Corporal Little and I climbed awkwardly over the turnstiles and made our way along the path to the mock-Egyptian square where the elephant house stood. Our flashlights made shadows jump across the buildings like hopping hunchbacks, and a couple of times I was tempted to fire.
“Frank!” called Corporal Little, in a hoarse stage whisper. “Frank — where the hell are you, you disobedient mutt?”
We heard him bark again, and this time his bark echoed, like somebody shouting in a swimming pool.
“He’s in there,” said Corporal Little, shining his flashlight on the elephant house.
There were no elephants in there, of course. When the Germans had first entered Antwerp, the zoo staff had shot all of the animals — elephants, tigers, gorillas, giraffes — in case they broke out of their cages and escaped. Apart from that, there was little enough food for the human population, let alone animals.
We entered the elephant house cautiously, with our weapons raised. It was like walking into Tutankhamen’s tomb. The columns were gilded and decorated with acanthus leaves, and Egyptian hieroglyphs had been painted all over the walls. It was also dark and smelly and the tiled floor was gritty and wet, so that our boots made a scrunching noise.

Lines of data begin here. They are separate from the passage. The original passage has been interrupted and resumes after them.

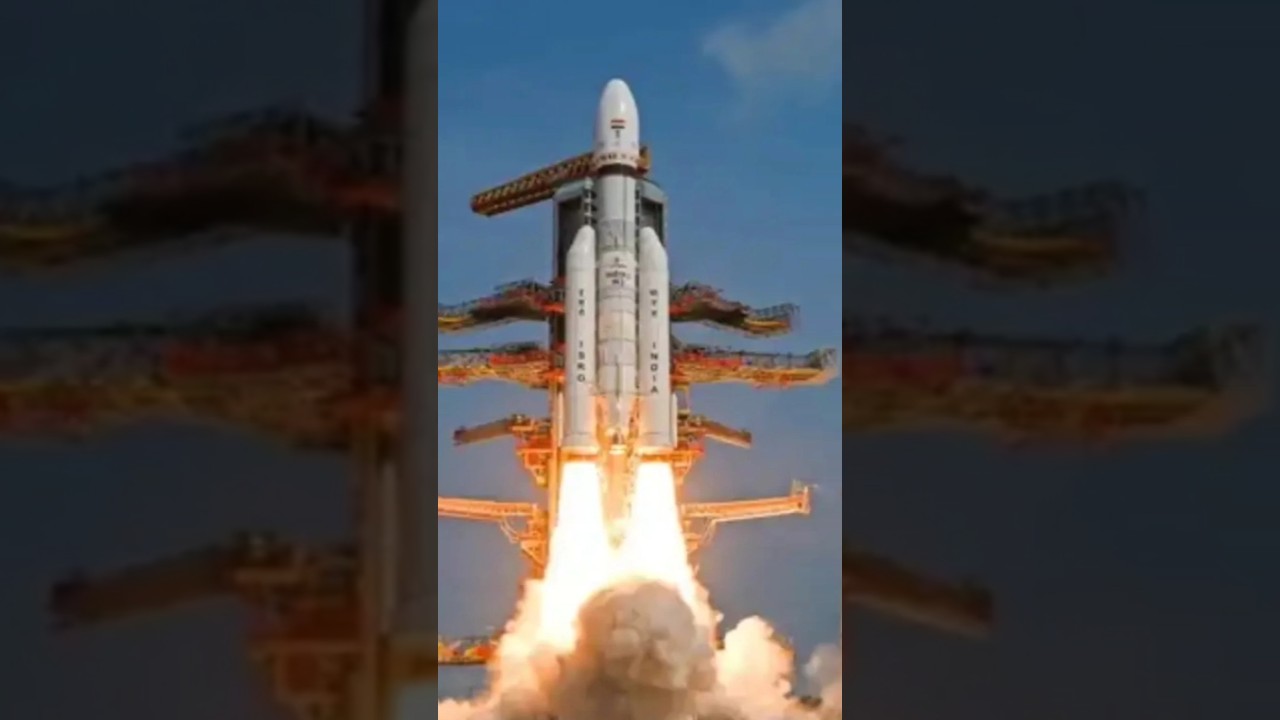 🚀 PSLV-C62 Countdown Begins! 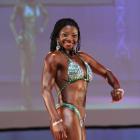 Vanessa  Crivens - NPC Stewart Fitness Championships 2012 - #1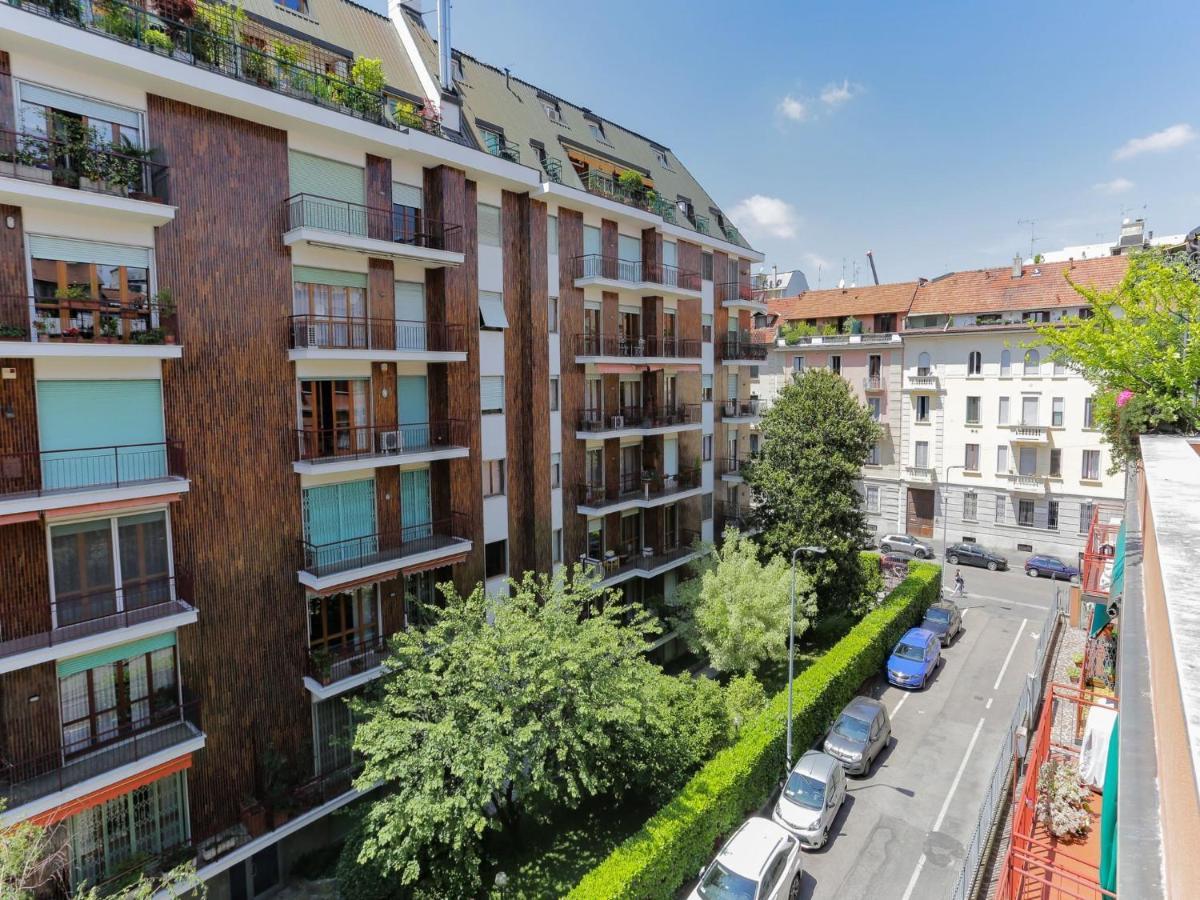 The Rent - With Balcony In Amendola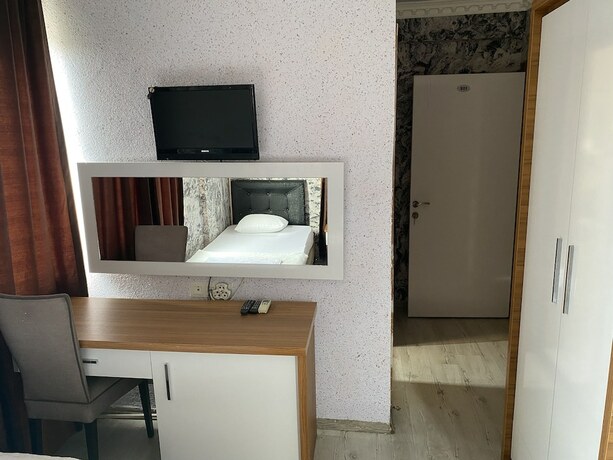 Imagen general del Sies Hotel. Foto 14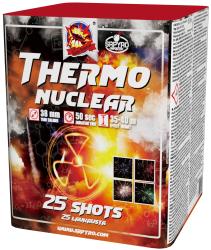 Ohostroj Thermonuclear 25ran 38mm 1ks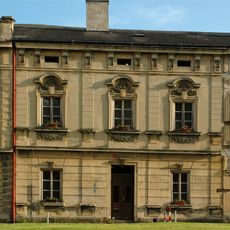 Kapitulní dům čp. 4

“Frank?” called Corporal Little.
Frank turned around, and we saw his yellow eyes reflected in our flashlights, like some kind of hound from hell.
“There,” said Corporal Little.
Cowering in the corner, one hand clinging on to the bars of an elephant pen, the other hand raised to shield his face from my flashlight, sat a Screecher. He was tall and emaciated, with thinning brown hair, and a pallid, bony face. He was wearing a dirty gray overcoat with a deluge of brown stains down the front of it, and a cheap brown business suit, and his shoes had holes in the soles. Most people would have passed him on the street without a second glance, but Corporal Little and I had seen enough Screechers to recognize him immediately for what he was. It was the way he couldn’t look directly at the light, and the way that his eyeballs kept darting from side to side, like cockroaches. He looked anxious and scheming, rather than terrified. Like most of the Screechers we’d encountered, he obviously believed that humans couldn’t kill him, no matter what we did to him, but he did know that we could hurt him. What he was looking for with his shifty little eyes was a way to escape.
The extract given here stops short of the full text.